Assignment =
Below are records to print word for word; include none of their pictures.

Raw data =
◆ ◆ ◆

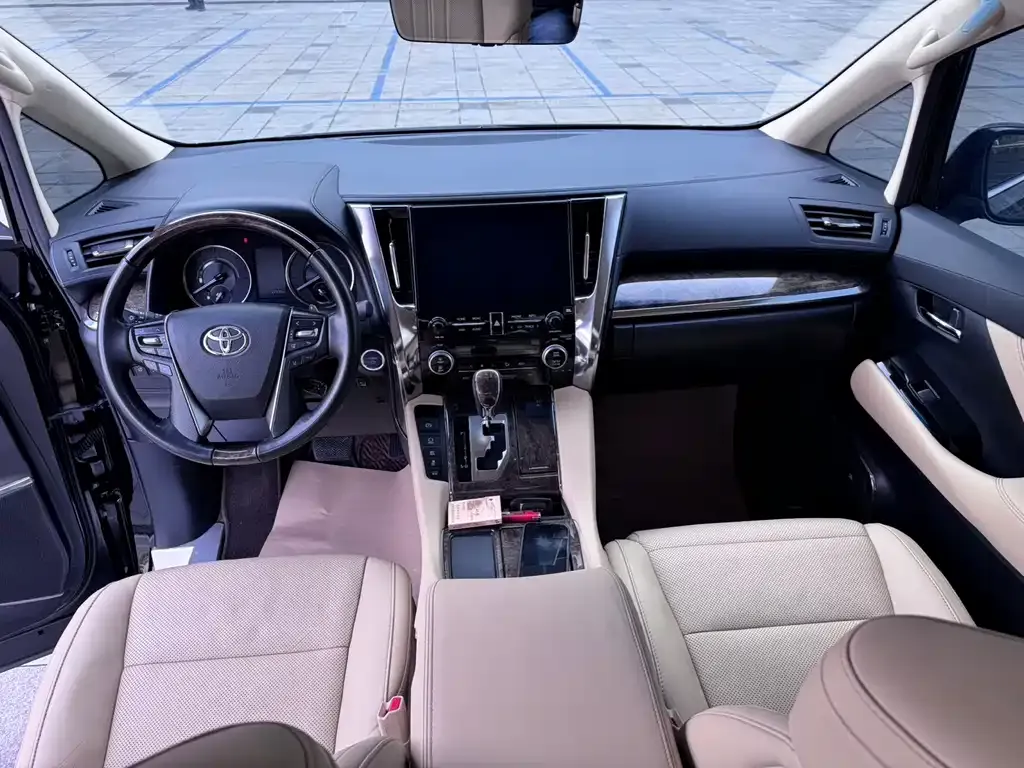 Toyota Alphard 2023 из CN, фото 5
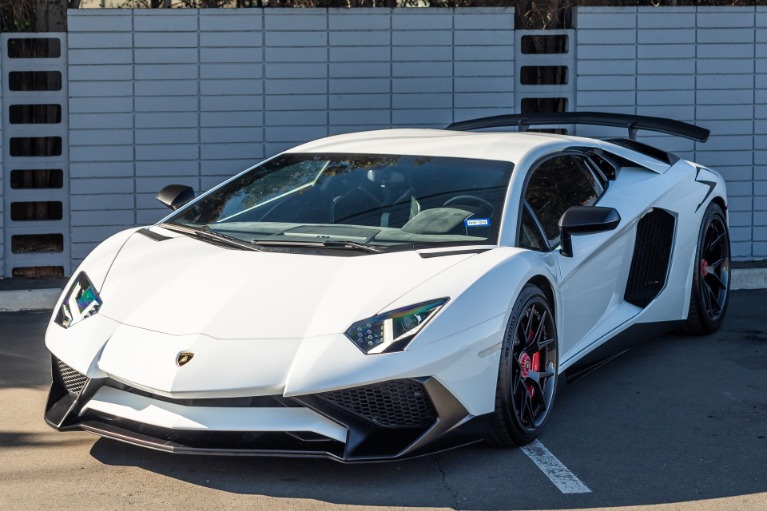 Used 2016 Lamborghini Aventador LP 750-4 SV *Twin Turbo* for sale $529,000 at iLusso Palm Beach in Boynton Beach FL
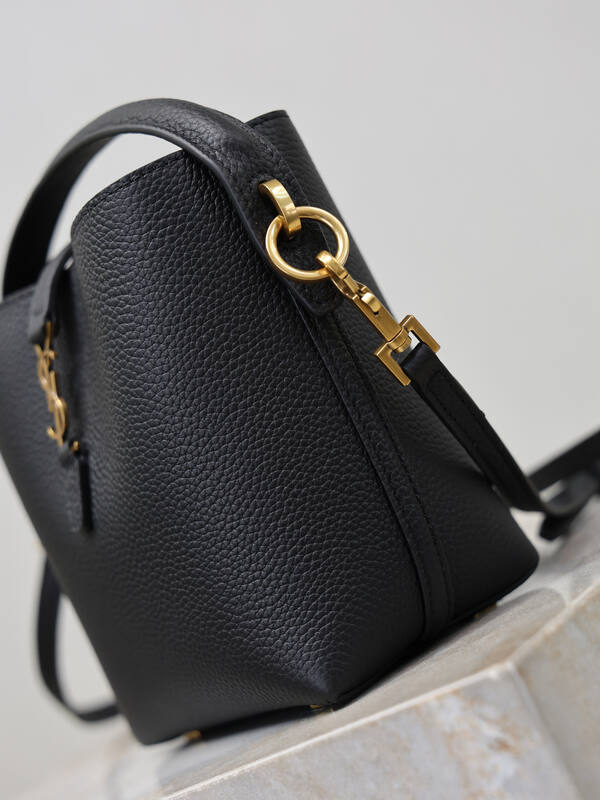 Saint Laurent Black everyday — Top Quality Replica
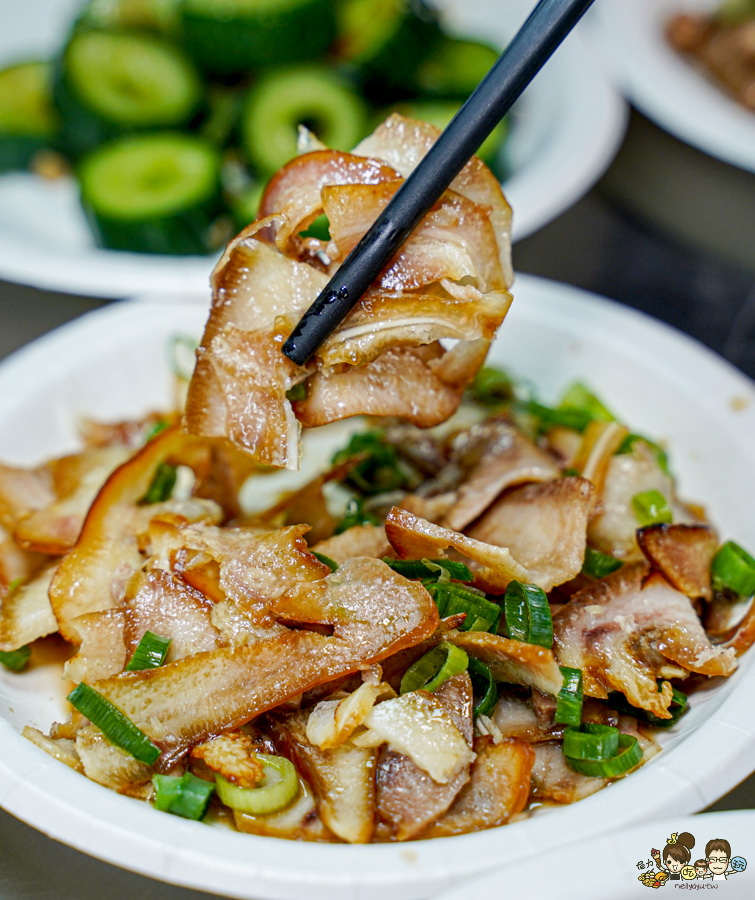 鳳山中山路夜市30年老味道 紅綠燈下的 売牛 原汁牛肉麵 牛軟骨 限量 特製小菜 辣醬 鳳山牛肉麵 高雄牛肉麵 老店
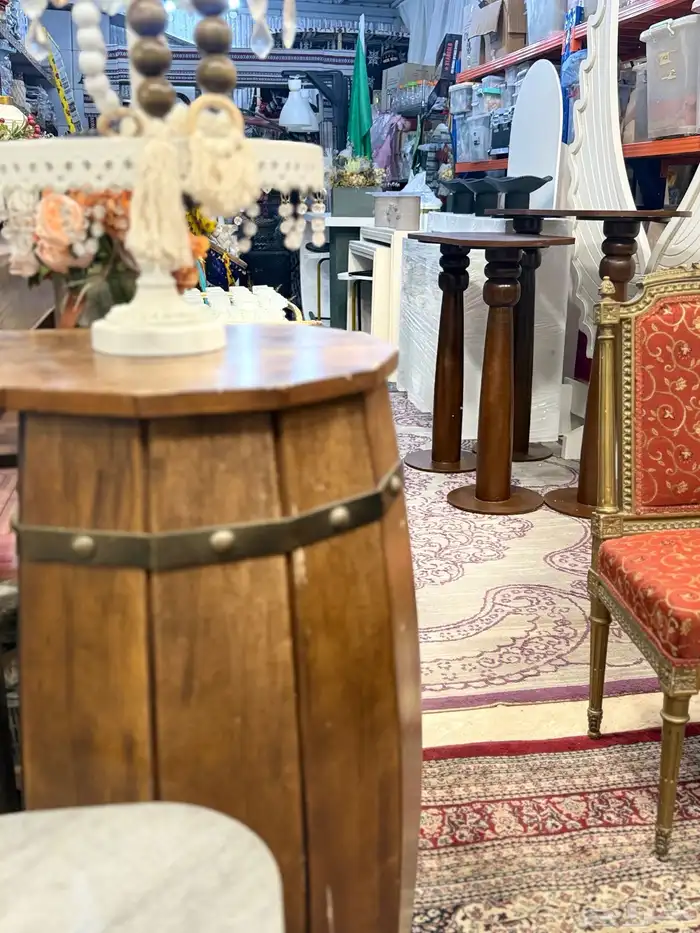 للبيع اغراض مستودع كامل لتجهيز الحفلات والمناسبات 13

◆ ◆ ◆

Written response =
 Toyota Alphard 2023 из CN, фото 5
 Used 2016 Lamborghini Aventador LP 750-4 SV *Twin Turbo* for sale $529,000 at iLusso Palm Beach in Boynton Beach FL
 Saint Laurent Black everyday — Top Quality Replica
 鳳山中山路夜市30年老味道 紅綠燈下的 売牛 原汁牛肉麵 牛軟骨 限量 特製小菜 辣醬 鳳山牛肉麵 高雄牛肉麵 老店
 للبيع اغراض مستودع كامل لتجهيز الحفلات والمناسبات 13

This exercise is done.